California officials urge public to report price gouging as housing prices expected to rise amid wildfires

Southern California’s housing market is expected to become more competitive after recent wildfires destroyed over 12,000 homes and structures in the Los Angeles area, leaving tens of thousands of people displaced.
Reports of rent-gouging have already emerged, prompting officials to warn against the practice and urge the public to report landlords who raise rents above the legally allowed 10% cap during a state of emergency, according to the Associated Press.
California Attorney General Rob Bonta said, “You cannot jack up prices and take advantage of disaster victims, plain and simple.” He emphasized that it is illegal for landlords to accept rent that exceeds the cap, even if someone offers to pay more.
Examples of potential rent-gouging include a downtown LA condo that was listed at $5,500 per month in October but recently reappeared on Zillow with an asking rent of $8,500, and a house in Encino that was seeking $12,000 per month in December but was re-listed in January at $14,000. Both listings were subsequently removed.

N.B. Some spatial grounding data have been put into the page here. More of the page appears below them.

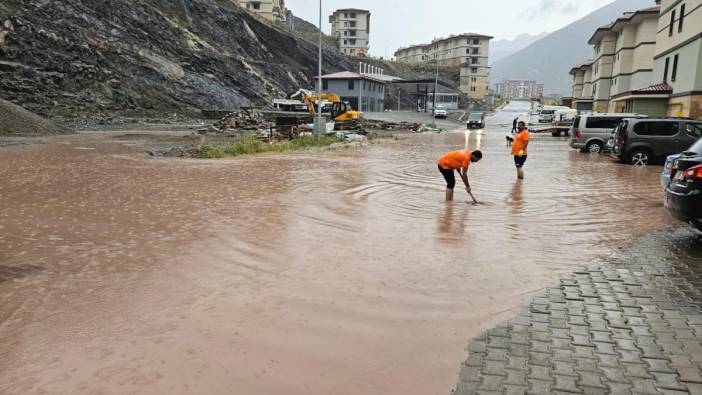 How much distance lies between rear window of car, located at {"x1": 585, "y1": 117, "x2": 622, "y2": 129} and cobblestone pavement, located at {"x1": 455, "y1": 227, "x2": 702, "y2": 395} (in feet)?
59.7

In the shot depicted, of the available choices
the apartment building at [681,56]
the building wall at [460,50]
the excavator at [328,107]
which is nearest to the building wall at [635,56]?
the apartment building at [681,56]

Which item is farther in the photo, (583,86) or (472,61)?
(472,61)

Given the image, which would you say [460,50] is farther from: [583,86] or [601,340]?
[601,340]

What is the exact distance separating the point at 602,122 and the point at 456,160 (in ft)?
50.6

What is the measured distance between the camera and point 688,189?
6223 mm

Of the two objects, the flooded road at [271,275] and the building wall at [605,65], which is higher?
the building wall at [605,65]

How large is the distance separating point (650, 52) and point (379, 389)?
47.6 m

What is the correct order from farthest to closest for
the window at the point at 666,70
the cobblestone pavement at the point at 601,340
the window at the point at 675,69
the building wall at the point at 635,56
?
the building wall at the point at 635,56 < the window at the point at 666,70 < the window at the point at 675,69 < the cobblestone pavement at the point at 601,340

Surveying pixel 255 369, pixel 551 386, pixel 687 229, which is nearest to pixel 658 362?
pixel 551 386

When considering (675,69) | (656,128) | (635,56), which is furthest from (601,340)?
(635,56)

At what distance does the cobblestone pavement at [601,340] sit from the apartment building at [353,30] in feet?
369

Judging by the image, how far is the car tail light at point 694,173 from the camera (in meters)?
6.10

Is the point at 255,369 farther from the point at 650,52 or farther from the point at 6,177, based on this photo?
the point at 650,52

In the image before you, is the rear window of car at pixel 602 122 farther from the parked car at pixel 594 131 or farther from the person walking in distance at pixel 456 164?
the person walking in distance at pixel 456 164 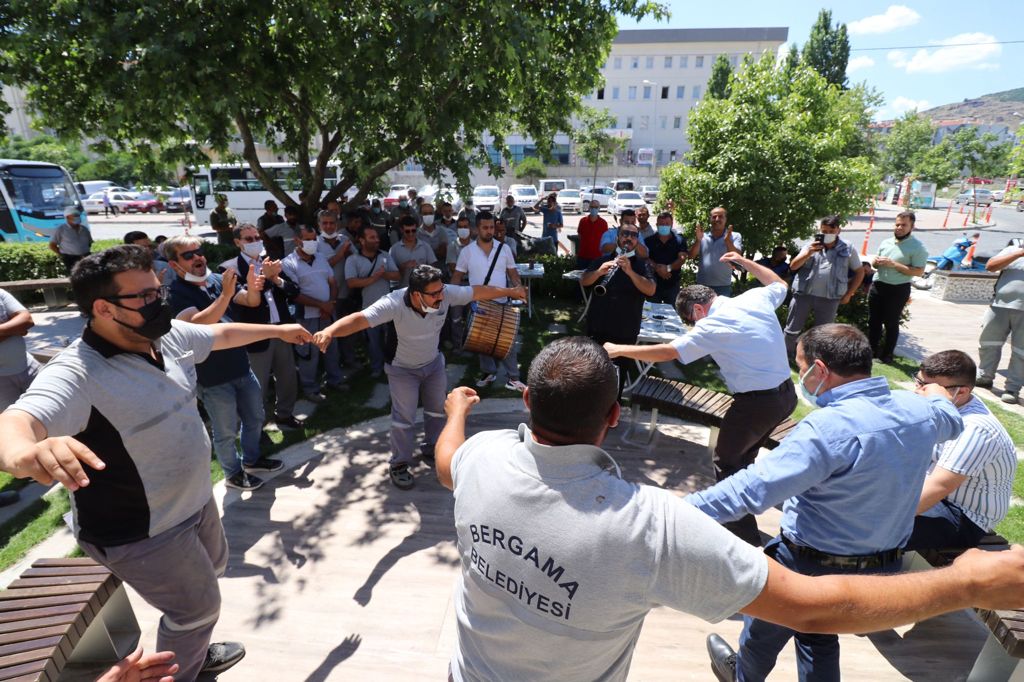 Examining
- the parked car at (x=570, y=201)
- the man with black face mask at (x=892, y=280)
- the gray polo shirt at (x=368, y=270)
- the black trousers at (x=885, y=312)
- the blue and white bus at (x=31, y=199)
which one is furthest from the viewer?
the parked car at (x=570, y=201)

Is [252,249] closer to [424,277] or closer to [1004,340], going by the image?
[424,277]

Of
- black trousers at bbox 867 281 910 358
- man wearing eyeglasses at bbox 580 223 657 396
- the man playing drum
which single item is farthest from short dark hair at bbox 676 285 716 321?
black trousers at bbox 867 281 910 358

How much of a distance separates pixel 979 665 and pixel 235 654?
13.1 ft

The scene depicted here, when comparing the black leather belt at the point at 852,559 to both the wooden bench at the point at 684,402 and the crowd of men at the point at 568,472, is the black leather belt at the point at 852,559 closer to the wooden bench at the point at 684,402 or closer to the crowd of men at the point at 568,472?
the crowd of men at the point at 568,472

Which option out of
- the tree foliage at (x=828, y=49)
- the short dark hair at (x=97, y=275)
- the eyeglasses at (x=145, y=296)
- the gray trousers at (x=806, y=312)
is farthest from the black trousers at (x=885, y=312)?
the tree foliage at (x=828, y=49)

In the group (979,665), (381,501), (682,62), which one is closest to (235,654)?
(381,501)

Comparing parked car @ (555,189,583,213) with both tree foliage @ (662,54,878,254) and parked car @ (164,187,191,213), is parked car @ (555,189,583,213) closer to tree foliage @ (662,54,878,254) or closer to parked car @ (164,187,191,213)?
parked car @ (164,187,191,213)

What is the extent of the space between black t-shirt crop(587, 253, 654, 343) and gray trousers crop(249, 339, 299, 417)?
3.13 m

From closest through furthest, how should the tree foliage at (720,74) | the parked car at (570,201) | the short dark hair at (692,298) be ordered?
the short dark hair at (692,298) → the parked car at (570,201) → the tree foliage at (720,74)

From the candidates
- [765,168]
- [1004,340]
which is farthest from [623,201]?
[1004,340]

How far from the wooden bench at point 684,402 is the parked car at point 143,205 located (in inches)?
1375

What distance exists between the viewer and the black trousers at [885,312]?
7117mm

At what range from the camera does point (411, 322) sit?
14.1 ft

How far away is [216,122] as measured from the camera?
6891mm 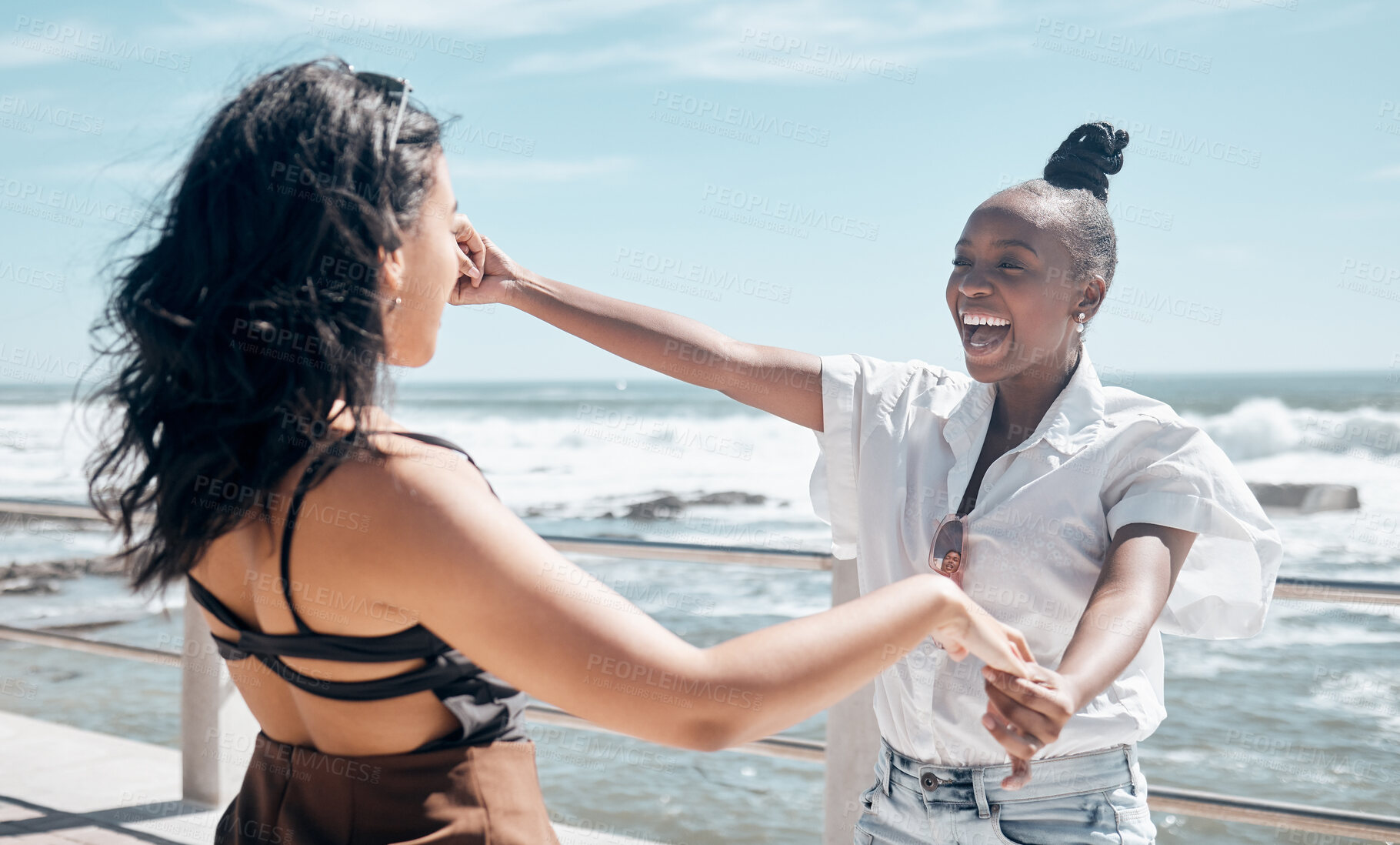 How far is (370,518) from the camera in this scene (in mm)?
957

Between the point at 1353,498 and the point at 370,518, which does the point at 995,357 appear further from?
the point at 1353,498

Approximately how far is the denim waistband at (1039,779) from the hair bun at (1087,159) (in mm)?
901

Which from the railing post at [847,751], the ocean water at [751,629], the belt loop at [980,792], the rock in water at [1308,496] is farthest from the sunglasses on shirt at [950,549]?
the rock in water at [1308,496]

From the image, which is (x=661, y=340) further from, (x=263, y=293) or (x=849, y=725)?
(x=849, y=725)

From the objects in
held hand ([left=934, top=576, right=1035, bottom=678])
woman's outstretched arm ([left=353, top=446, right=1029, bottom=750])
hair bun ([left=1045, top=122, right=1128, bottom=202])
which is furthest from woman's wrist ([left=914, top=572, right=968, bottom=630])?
hair bun ([left=1045, top=122, right=1128, bottom=202])

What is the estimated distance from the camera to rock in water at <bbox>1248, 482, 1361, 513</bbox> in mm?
19219

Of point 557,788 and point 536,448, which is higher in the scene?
point 557,788

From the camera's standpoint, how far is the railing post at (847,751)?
2.69 meters

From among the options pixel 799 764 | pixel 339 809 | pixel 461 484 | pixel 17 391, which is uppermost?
pixel 461 484

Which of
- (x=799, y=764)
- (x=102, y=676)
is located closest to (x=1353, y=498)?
(x=799, y=764)

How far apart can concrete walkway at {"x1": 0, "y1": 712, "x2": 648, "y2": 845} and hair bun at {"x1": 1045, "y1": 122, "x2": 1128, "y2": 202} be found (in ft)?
8.00

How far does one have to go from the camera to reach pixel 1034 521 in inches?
58.7

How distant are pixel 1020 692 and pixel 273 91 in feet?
3.54

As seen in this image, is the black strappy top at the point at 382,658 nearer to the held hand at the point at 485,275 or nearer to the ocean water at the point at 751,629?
the ocean water at the point at 751,629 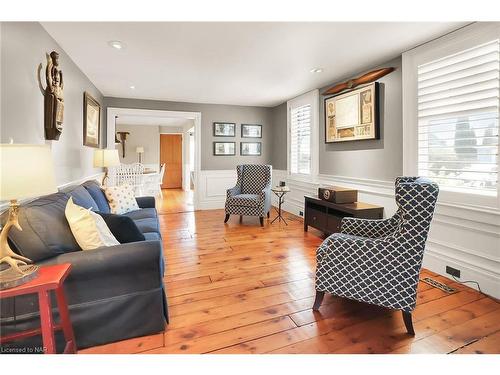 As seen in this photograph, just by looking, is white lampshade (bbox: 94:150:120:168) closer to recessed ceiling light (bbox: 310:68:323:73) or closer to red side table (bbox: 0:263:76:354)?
red side table (bbox: 0:263:76:354)

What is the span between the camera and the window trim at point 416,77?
225cm

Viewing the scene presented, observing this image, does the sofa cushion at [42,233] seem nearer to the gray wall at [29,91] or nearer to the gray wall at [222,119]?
the gray wall at [29,91]

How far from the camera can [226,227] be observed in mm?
4391

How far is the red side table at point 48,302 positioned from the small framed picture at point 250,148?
4.92m

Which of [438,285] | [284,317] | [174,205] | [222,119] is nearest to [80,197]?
[284,317]

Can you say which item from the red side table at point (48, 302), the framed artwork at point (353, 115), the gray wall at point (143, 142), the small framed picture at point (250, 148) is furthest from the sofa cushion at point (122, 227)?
the gray wall at point (143, 142)

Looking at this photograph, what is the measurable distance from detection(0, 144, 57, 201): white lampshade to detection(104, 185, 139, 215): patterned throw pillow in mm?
1931

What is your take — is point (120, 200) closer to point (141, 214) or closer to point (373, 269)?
point (141, 214)

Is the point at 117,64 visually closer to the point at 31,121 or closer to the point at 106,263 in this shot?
the point at 31,121

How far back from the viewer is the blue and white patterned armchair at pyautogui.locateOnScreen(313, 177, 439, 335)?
1635 mm

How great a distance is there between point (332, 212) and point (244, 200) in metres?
1.51

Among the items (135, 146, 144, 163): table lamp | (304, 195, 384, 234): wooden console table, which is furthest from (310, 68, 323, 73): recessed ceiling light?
(135, 146, 144, 163): table lamp

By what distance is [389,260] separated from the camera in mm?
1767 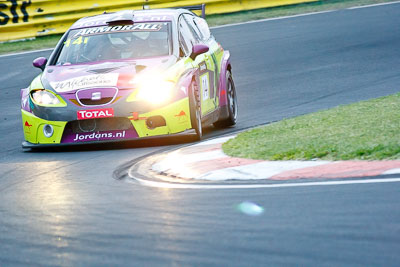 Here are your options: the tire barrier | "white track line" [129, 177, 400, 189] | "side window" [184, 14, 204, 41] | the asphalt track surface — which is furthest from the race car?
the tire barrier

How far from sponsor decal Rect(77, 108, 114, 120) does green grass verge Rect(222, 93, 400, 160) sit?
4.15 feet

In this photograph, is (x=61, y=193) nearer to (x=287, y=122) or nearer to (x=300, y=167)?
(x=300, y=167)

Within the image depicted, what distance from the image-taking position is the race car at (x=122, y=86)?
9.40 meters

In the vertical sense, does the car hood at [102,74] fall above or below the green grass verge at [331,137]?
above

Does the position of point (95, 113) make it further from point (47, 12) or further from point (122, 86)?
point (47, 12)

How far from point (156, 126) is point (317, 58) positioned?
744cm

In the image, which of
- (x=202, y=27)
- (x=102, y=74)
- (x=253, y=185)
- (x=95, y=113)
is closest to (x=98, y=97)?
(x=95, y=113)

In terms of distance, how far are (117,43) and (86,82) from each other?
99 centimetres

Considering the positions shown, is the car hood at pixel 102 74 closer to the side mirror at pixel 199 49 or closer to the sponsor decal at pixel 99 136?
the side mirror at pixel 199 49

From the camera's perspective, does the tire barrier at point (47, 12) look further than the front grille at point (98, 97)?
Yes

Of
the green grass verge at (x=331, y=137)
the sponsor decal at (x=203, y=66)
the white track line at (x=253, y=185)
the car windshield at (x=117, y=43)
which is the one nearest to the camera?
the white track line at (x=253, y=185)

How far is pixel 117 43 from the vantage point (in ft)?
34.1

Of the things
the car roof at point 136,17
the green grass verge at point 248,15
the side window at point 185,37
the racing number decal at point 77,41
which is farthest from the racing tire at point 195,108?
the green grass verge at point 248,15

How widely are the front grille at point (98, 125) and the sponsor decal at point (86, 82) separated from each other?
355 mm
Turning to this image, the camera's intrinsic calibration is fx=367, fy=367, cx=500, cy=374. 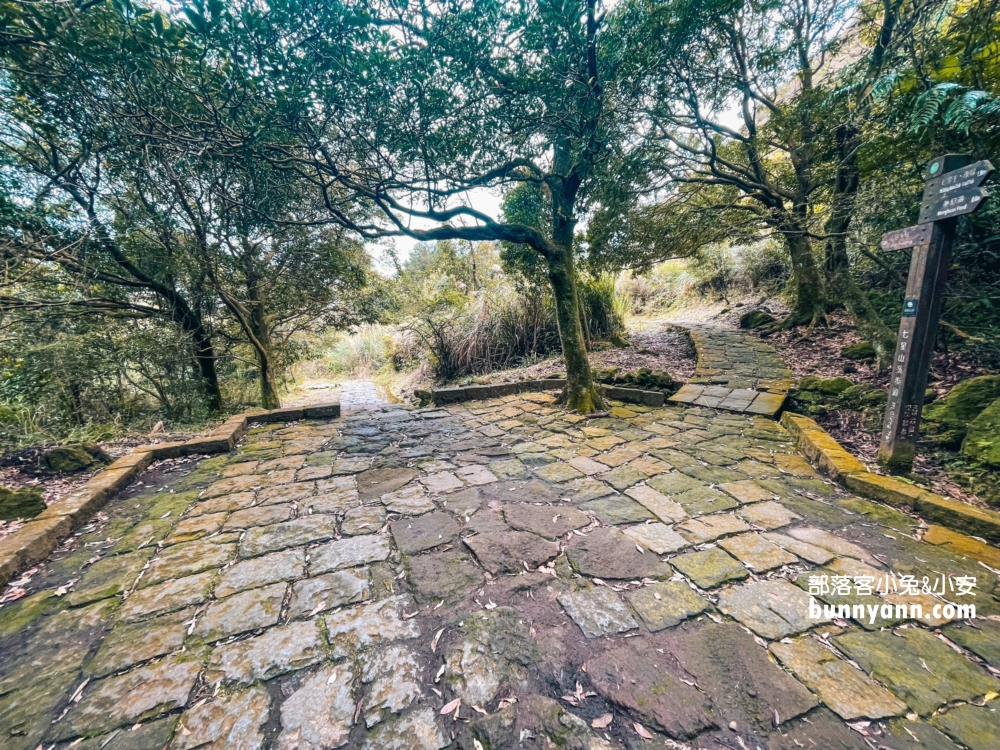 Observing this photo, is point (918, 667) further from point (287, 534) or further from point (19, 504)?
point (19, 504)

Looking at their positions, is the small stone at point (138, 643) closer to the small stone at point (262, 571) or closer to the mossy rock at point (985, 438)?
the small stone at point (262, 571)

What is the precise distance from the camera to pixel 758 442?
3516 mm

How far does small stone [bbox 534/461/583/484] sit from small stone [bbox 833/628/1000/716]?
1.68 metres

FEMA provides assistance to displaced residents, including short-term stays at participating hotels and motels, as well as cash advances for housing through its displacement and rental assistance programs. Homeowners may also be eligible for mortgage relief from five major bank lenders, which have agreed to provide a 90-day grace period on mortgage payments and other concessions.
Short-term rental platforms like Airbnb and Zillow are taking steps to prevent hosts from raising prices above the legal limit during the state of emergency.